◆ **What you are asked to do**:
Apart from pictures, transcribe exactly each line from the one containing "Εκσκαφάκι (διαβολάκι) Bobcat" through the final line of the listing below.

◆ **The data**:
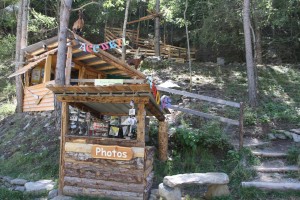 Accueil photo rafting Descente rafting Barcelonnette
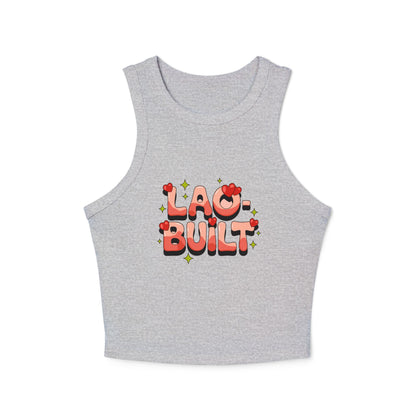 LAO LOVE CROP TANK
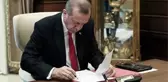 Cumhurbaşkanı Erdoğan'ın imzasıyla yayınlandı! Atama ve görevden alma kararları Resmi Gazete'de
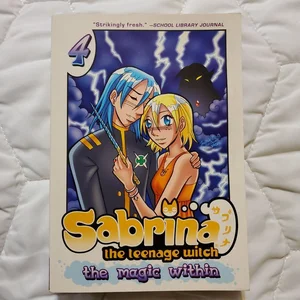 Sabrina the Teenage Witch: the Magic Within 4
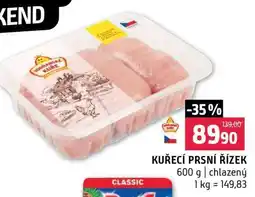 Terno Kuřecí prsní řízek nabídka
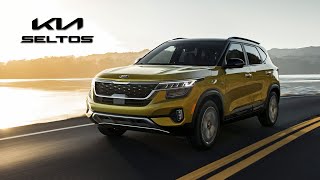 2021 Kia Seltos| Kia Seltos Latest Award | Kia Connect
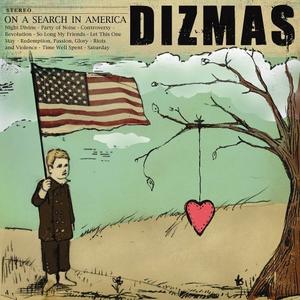 On A Search In America by Dizmas | CD Reviews And Information | NewReleaseToday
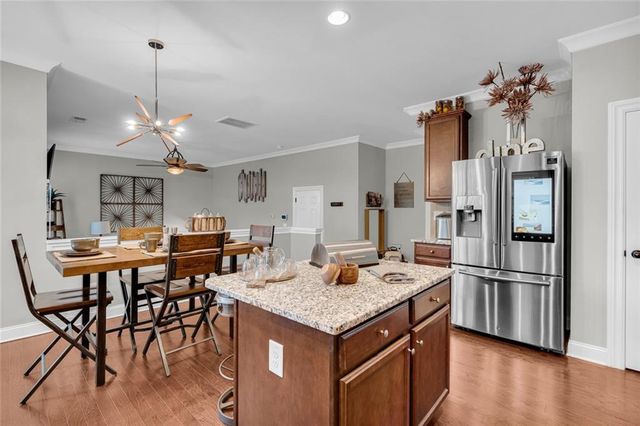 4901 Locherby Drive, Fairburn, GA 30213
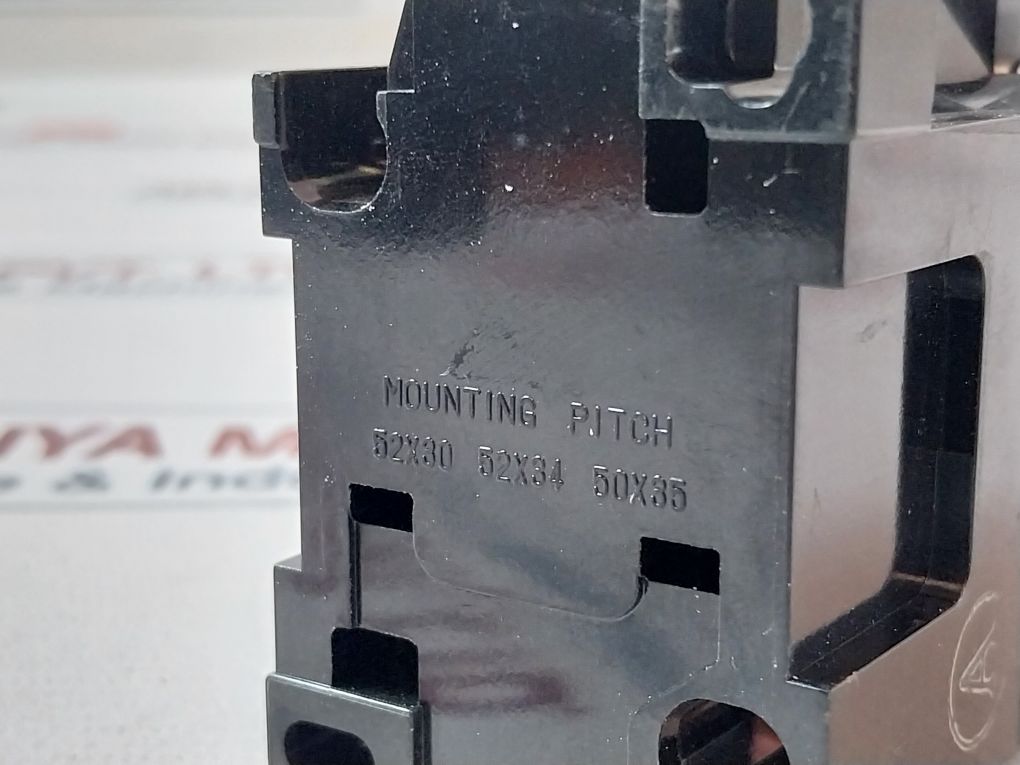 Mitsubishi Sr-80Rm Contactor Relay 220V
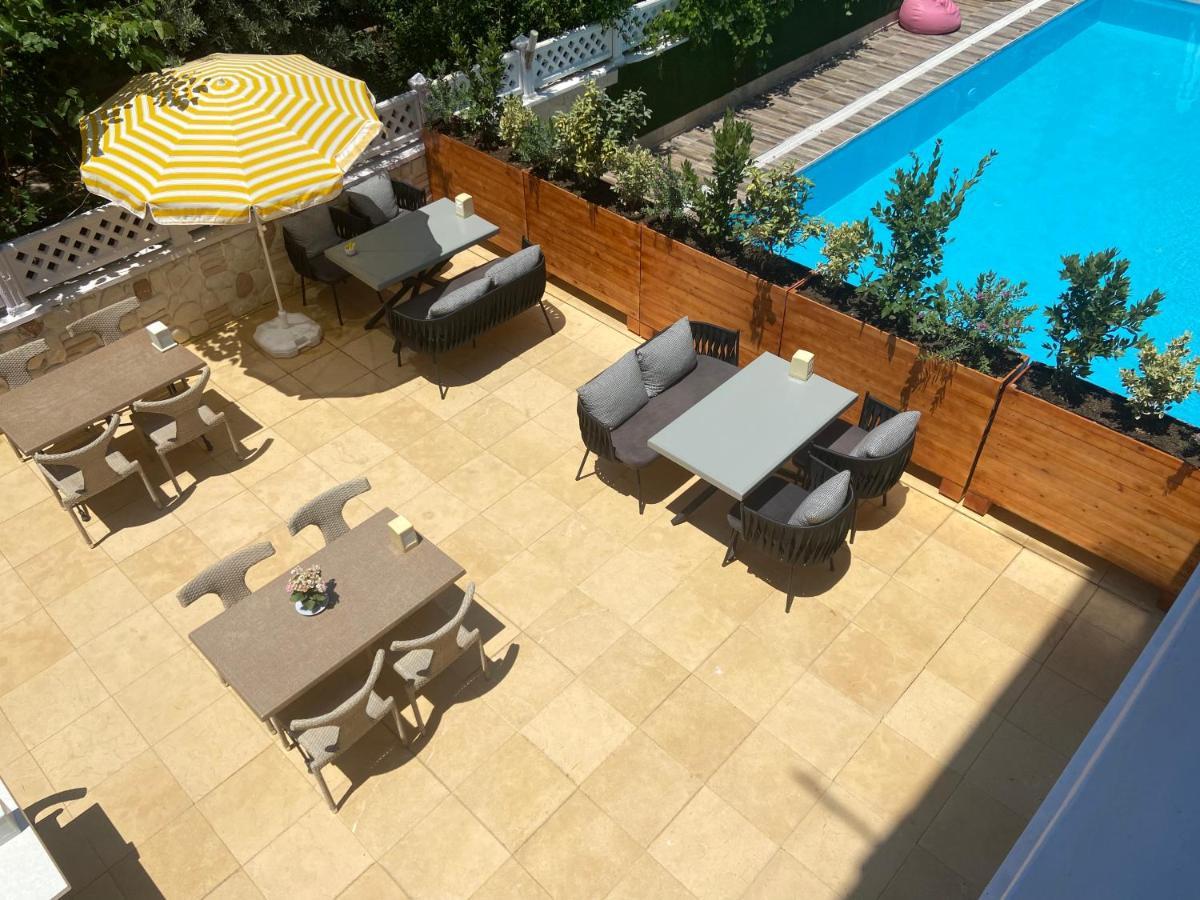 Derin Suit Otel أنطاليا المظهر الخارجي الصورة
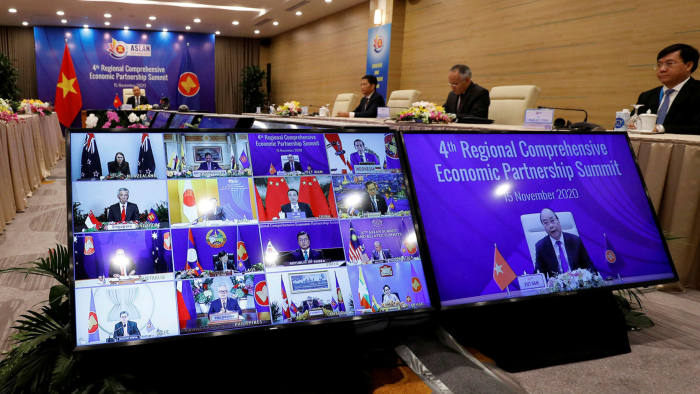 Formiran najveći trgovinski savez na svijetu, Kina cvjeta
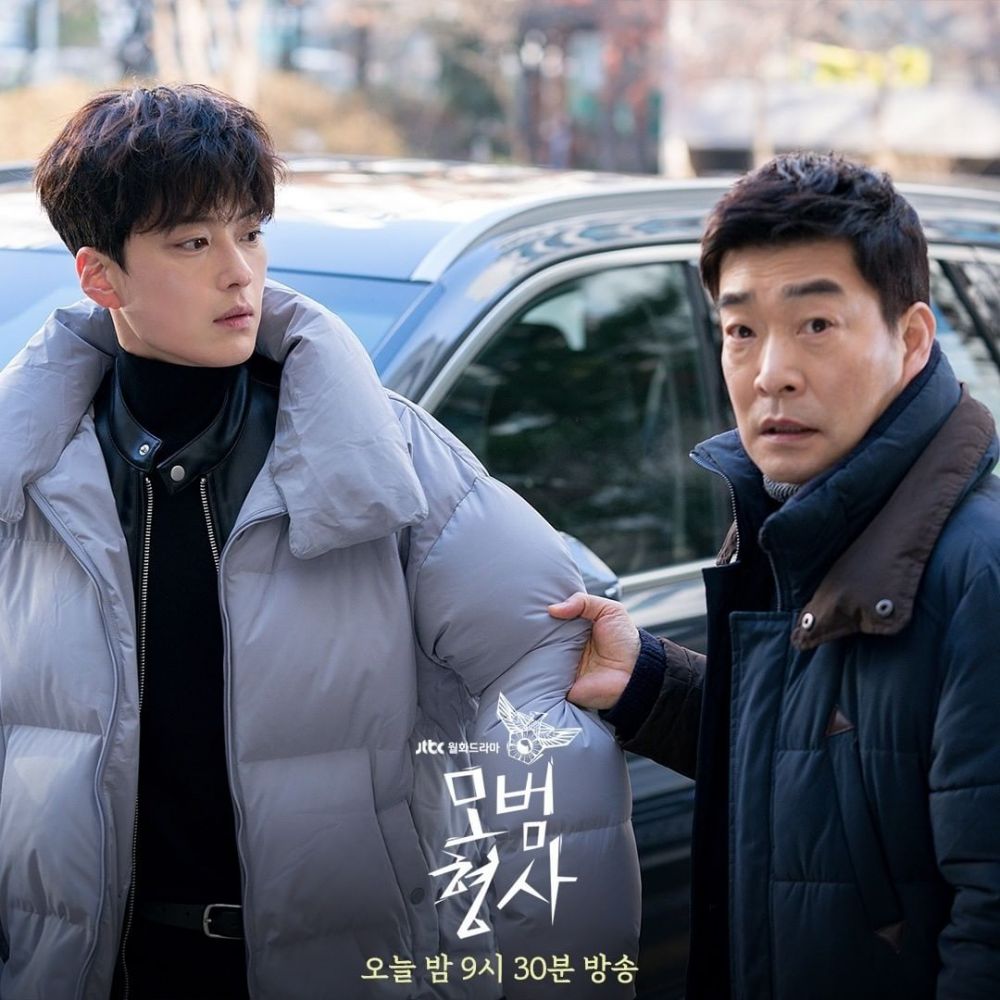 Beda Usia Jauh, 6 Bromance Penuh Chemistry Di Drama Korea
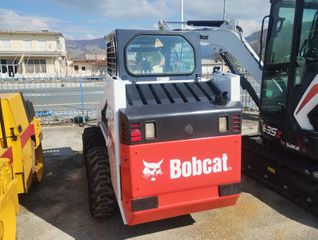 Εκσκαφάκι (διαβολάκι) Bobcat 2002 753-thumb-4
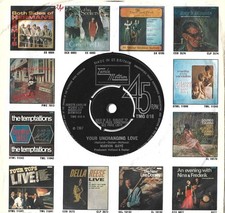Marvin gaye unchanging for sale  STOKE-ON-TRENT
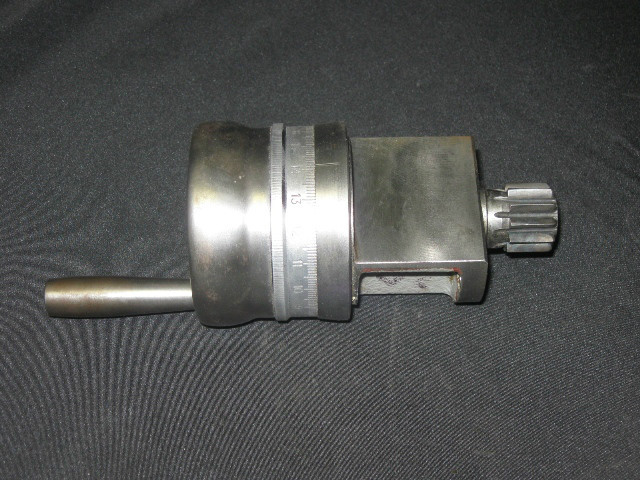 Clausing #73052-0, cross slide keep assembly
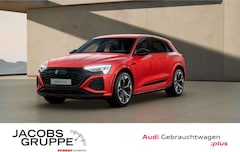 Bild des Angebotes Audi SQ8 Black+/S-Sitze/Digi Matrix/HuD/360° e-tron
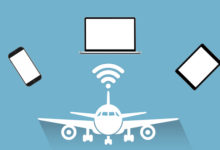 超能課堂(122)：飛機上終於能玩手機，但機載WiFi慢誰背鍋？-頭條楓林網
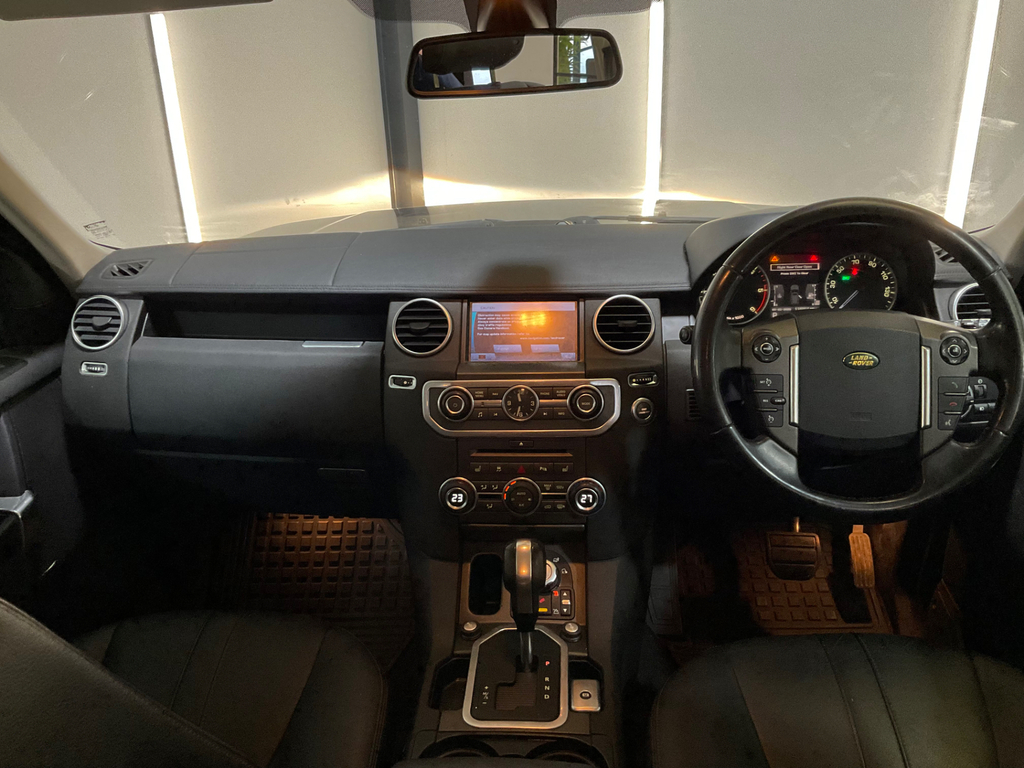 Land Rover Discovery 3.0 4 Tdv6 Xs 245 Bhp Blue #11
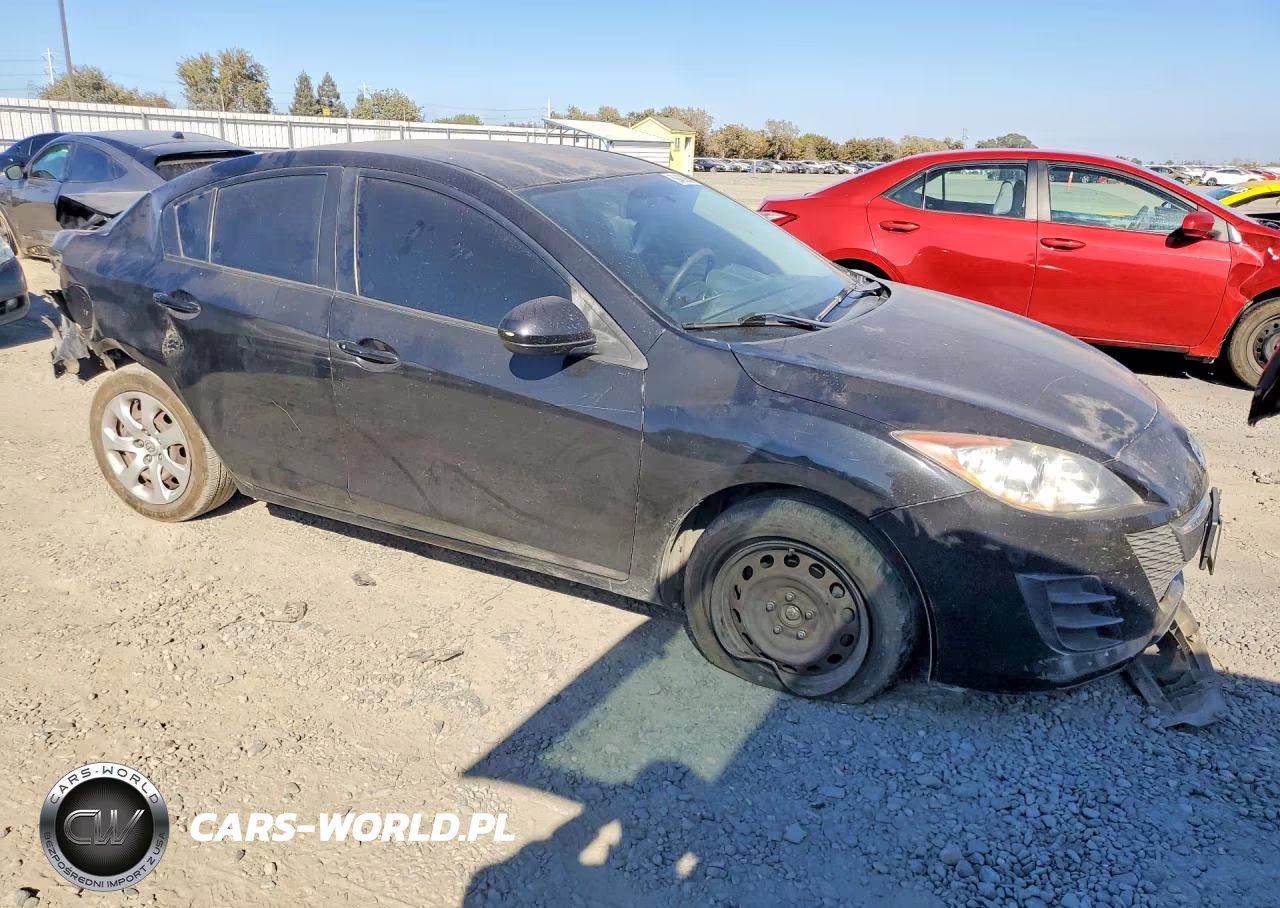2010 Mazda 3 I VIN:JM1BL1SG9A1133349 - 4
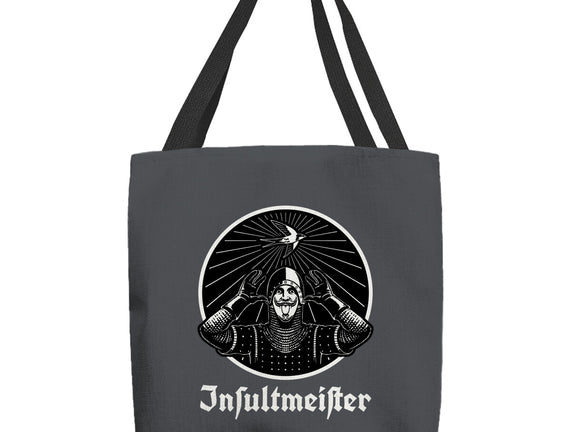 Insult Knight Movie Drink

◆ **Response to this exercise**:
 Εκσκαφάκι (διαβολάκι) Bobcat 2002 753-thumb-4
Marvin gaye unchanging for sale  STOKE-ON-TRENT
 Clausing #73052-0, cross slide keep assembly
 Bild des Angebotes Audi SQ8 Black+/S-Sitze/Digi Matrix/HuD/360° e-tron
 超能課堂(122)：飛機上終於能玩手機，但機載WiFi慢誰背鍋？-頭條楓林網
 Land Rover Discovery 3.0 4 Tdv6 Xs 245 Bhp Blue #11
2010 Mazda 3 I VIN:JM1BL1SG9A1133349 - 4
 Insult Knight Movie Drink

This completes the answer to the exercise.